Há riqueza, mas não há vida nas fábricas

A luta de classes está viva e bem, escreve Vijay Prashad. Embora uma das fraquezas do nosso tempo seja que as mobilizações massivas não foram facilmente convertidas em poder político. 

Birender Kumar Yadav, Índia, “Donkey Worker”, 2015.

By Vijay Prashad
Tricontinental: Instituto de Pesquisa Social

INo final de 2022, a Organização Internacional do Trabalho (OIT) divulgou um fascinante Denunciar, “Tempo de trabalho e equilíbrio entre trabalho e vida pessoal em todo o mundo”, em grande parte incentivado por uma série de iniciativas em toda a Índia para estender a jornada de trabalho.

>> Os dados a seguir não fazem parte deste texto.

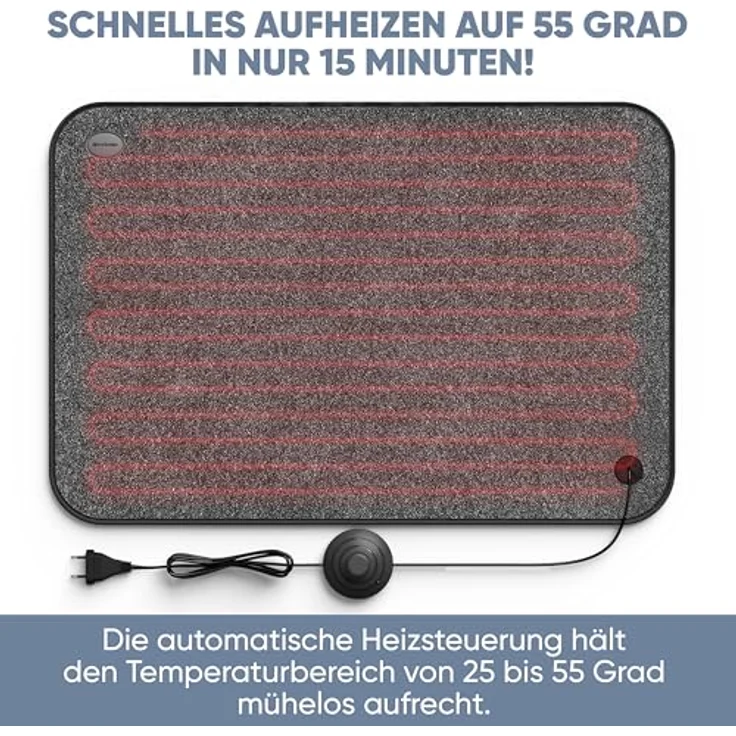 Björn&Schiller Elektrischer Heizteppich 40x60 cm, 75 W mit Fußschalter und rutschfester Unterseite – Bild 6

O relatório acumulou dados globais sobre o tempo passado no trabalho em 2019, antes do início da pandemia de Covid-19. A OIT concluiu que “aproximadamente um terço da força de trabalho global (35.4 por cento) trabalhou mais de 48 horas por semana” e “um quinto do emprego global (20.3 por cento) consiste em horas de trabalho curtas (ou a tempo parcial) de menos de 35 horas por semana”, como trabalho em shows.

Observou também que o grupo ocupacional com “a média de horas de trabalho mais longa era o dos operadores de instalações e máquinas e dos montadores, que trabalhavam em média 48.2 horas por semana”.

Em toda a Índia, há um debate contínuo sobre uma revisão dos limites da duração da jornada de trabalho. Um projeto de lei no estado de Tamil Nadu buscava alterar a Lei das Fábricas de 1948, que permitiria às fábricas prolongar a jornada de trabalho de oito horas para 12 horas.

Na Assembleia do Estado de Tamil Nadu, o ministro do governo CV Ganesan dito que o Estado — que tem o maior número de fábricas na Índia — precisava de atrair mais investimento estrangeiro, o que seria mais fácil se as fábricas pudessem ter “horários de trabalho flexíveis”.

Protestos liderados por sindicatos e pela esquerda bloqueado o governo, apesar de se opor pressão do lobby empresarial (o Vanigar Sangangalin Peramaippu). Em fevereiro, um projeto de lei semelhante passou no estado vizinho de Karnataka.

“A Índia está competindo com lugares de todo o mundo para atrair investimentos', dito Ministro da Eletrônica, Tecnologia da Informação e Biotecnologia, Dr. CN Ashwath Narayan; “Somente quando há leis trabalhistas flexíveis é que os investimentos podem ser atraídos.”

Birender Kumar Yadav, Índia, “O Trabalho Governamental é o Trabalho de Deus”, 2017.

Do Tricontinental: Institute for Social Research vem a nossa própria intervenção neste debate, o nosso dossiê de maio, “A condição da classe trabalhadora indiana.” Abre com dois eventos de 2020.

Em primeiro lugar, no início da pandemia, o governo indiano disse insensivelmente a milhões de trabalhadores para regressarem às suas aldeias e, em segundo lugar, os agricultores da Índia iniciaram um poderoso protesto contra a tentativa do governo de transferir o controlo da Mandis (“mercados de produção”) para grandes corporações.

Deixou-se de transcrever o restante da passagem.